Influence of Bufferbloat on TCP Operation

The vast majority of network traffic relies on TCP as its transport protocol. To fully understand bufferbloat, I'll look at the details of the TCP protocol. A handshake procedure (the three-way handshake) is used to establish a TCP connection. With its help, the individual transmission parameters are negotiated between the TCP entities involved in the connection (sender and receiver), including, for example, the initial sequence numbers. If an FTP server needs to transfer a large file, the TCP protocol usually begins its transfer by transmitting four TCP segments. The sender then waits for correct confirmation of receipt of these packets. Usually, reception is confirmed by transmitting an acknowledgement. Once the four segments have been acknowledged, the receiver increases the send rate by transmitting eight segments and waiting for them to be confirmed. If this is successful, the send window is set to the value 16. Afterward, the transmission window can be increased even further following the same principle.

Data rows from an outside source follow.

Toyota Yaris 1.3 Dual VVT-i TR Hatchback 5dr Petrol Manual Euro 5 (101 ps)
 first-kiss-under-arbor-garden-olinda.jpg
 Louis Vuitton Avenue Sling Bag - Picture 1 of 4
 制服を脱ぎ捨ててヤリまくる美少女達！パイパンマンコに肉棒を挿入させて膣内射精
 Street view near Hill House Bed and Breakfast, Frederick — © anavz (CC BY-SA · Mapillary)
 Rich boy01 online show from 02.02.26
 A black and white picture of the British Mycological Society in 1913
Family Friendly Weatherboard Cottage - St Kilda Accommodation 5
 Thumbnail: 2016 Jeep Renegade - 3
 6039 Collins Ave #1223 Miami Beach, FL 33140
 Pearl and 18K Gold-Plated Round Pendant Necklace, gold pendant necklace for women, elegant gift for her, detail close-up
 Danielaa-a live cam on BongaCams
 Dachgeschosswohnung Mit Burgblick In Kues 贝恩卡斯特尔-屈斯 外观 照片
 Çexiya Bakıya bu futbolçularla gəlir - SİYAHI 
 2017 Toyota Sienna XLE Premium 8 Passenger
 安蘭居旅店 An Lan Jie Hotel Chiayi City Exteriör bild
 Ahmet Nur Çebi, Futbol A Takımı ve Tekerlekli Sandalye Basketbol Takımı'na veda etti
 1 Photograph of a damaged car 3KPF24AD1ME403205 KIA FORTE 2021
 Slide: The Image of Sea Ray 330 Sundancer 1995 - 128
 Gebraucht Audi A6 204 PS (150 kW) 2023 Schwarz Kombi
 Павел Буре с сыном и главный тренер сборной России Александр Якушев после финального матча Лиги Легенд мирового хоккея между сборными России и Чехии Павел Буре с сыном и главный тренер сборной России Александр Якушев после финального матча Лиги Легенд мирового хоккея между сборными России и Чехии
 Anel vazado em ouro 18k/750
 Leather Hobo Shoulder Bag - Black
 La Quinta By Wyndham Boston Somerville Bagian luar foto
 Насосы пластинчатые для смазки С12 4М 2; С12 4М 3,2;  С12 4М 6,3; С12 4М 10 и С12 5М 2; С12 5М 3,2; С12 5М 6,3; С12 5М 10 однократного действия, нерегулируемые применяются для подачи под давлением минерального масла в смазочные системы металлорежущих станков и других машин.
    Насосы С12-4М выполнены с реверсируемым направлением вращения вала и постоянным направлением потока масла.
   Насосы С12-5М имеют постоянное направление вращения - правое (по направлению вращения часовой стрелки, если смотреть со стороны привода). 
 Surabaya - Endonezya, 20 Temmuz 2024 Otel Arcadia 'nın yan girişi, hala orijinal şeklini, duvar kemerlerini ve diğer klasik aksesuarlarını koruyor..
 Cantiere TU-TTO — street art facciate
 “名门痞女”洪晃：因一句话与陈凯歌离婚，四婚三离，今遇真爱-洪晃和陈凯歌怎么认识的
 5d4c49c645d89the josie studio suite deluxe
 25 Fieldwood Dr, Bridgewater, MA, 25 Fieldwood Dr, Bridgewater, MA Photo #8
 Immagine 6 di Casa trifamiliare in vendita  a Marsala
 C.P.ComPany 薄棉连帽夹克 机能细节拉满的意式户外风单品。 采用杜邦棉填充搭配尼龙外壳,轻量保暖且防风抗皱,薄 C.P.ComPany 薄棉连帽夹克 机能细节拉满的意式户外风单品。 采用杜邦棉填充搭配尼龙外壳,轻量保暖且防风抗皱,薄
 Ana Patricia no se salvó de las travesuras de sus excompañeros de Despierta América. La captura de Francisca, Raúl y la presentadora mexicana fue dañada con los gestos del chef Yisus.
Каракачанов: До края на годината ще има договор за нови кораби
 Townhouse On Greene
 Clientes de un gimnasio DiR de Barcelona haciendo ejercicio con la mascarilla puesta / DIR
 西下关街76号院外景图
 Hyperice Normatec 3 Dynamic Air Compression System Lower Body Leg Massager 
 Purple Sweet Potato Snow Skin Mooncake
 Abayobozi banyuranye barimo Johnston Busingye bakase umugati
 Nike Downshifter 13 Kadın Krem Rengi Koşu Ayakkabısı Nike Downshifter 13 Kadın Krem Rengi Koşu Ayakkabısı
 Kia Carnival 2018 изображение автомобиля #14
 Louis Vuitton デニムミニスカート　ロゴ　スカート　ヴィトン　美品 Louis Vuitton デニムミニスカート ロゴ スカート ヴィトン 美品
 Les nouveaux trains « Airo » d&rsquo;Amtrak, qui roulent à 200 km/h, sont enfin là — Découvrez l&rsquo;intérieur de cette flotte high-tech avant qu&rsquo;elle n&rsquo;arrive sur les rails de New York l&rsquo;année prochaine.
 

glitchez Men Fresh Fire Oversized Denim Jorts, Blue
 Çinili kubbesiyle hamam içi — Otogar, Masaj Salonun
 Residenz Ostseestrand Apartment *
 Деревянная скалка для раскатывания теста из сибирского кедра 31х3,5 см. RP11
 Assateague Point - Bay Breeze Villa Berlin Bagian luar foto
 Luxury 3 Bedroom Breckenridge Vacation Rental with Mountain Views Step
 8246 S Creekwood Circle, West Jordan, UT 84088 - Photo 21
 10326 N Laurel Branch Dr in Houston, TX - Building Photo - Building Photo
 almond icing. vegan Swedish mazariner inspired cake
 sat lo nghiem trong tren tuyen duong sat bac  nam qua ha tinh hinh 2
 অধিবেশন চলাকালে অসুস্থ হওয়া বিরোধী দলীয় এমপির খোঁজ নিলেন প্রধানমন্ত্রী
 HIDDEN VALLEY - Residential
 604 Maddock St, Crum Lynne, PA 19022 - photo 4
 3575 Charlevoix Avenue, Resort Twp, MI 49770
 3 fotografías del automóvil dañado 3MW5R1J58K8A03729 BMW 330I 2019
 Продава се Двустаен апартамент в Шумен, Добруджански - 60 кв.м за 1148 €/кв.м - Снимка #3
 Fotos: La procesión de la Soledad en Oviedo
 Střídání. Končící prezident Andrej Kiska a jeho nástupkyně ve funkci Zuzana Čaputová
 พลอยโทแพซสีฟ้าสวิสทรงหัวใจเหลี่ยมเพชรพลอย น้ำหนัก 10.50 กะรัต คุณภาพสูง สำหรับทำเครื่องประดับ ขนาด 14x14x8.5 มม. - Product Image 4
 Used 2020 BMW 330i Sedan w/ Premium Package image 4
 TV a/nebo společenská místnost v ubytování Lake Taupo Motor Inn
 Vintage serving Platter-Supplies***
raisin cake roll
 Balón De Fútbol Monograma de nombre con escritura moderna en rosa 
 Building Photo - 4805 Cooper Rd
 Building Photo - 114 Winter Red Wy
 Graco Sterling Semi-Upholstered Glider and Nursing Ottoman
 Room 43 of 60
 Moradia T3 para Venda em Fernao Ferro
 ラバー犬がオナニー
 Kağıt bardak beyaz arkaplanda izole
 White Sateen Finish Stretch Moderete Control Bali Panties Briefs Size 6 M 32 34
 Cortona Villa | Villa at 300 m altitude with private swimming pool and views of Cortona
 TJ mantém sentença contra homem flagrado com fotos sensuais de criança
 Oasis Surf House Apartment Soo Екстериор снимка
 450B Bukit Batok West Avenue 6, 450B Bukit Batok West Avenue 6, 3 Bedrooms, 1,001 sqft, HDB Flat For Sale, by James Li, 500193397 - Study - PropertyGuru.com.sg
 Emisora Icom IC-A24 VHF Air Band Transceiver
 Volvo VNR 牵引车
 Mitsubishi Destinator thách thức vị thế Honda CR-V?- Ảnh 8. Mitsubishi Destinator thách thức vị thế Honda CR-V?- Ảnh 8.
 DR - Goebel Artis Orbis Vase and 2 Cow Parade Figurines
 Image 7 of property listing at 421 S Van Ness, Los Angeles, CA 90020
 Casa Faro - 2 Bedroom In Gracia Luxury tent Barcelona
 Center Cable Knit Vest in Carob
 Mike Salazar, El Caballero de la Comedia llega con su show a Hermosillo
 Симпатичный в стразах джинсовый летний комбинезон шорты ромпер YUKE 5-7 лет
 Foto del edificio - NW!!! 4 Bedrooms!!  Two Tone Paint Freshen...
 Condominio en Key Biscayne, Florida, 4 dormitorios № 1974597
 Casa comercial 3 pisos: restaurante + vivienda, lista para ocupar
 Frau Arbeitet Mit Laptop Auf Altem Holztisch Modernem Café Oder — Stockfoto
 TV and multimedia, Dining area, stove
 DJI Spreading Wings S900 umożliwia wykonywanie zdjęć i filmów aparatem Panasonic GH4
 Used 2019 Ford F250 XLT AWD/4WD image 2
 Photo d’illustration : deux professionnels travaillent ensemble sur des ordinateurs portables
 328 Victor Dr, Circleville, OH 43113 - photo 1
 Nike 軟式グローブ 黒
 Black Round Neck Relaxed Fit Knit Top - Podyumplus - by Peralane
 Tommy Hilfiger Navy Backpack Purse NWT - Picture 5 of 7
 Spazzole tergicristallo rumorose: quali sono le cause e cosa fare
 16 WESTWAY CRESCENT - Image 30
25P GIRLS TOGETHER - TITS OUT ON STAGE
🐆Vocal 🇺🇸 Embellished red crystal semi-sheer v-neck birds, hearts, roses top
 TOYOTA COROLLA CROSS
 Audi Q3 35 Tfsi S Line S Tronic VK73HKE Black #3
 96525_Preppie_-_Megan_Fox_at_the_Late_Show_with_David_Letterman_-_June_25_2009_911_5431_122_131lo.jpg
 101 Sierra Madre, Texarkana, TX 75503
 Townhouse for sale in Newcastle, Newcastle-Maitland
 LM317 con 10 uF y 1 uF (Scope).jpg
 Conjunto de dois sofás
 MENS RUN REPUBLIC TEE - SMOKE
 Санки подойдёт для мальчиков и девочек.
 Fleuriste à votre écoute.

The first connection phase is known as TCP slow start. The packets are deliberately sent more slowly at the beginning of a session to avoid an overload situation. Also at the beginning of the connection, the sender and receiver negotiate a suitable window size based on the receiver's buffer size, which should prevent a buffer overflow on the receiving side. Nevertheless, an internal network overload can occur at any time. For this reason, the sender first starts with a small window of 1 maximum segment size (MSS). Once the receiver acknowledges receipt, the sender doubles the size of the window, resulting in exponential growth and either continues until the size of the receiver's maximum window is reached or a timeout occurs (receiver fails to acknowledge receipt). In this case, the window size drops back to 1 MSS and the whole game of doubling the window size starts all over again.

Overload control (congestion avoidance) uses another value, the slow-start threshold (ssthresh). Once this is reached, the window only grows by 1 MSS. Instead of exponential growth, growth is linear. It also only increases until the receiver's maximum window size is reached or a timeout occurs. If the sender detects that packet losses have occurred on the route, it reduces its transmission rate by half and initiates a slow start. This process dynamically adapts the TCP rate to the capacity of the connection.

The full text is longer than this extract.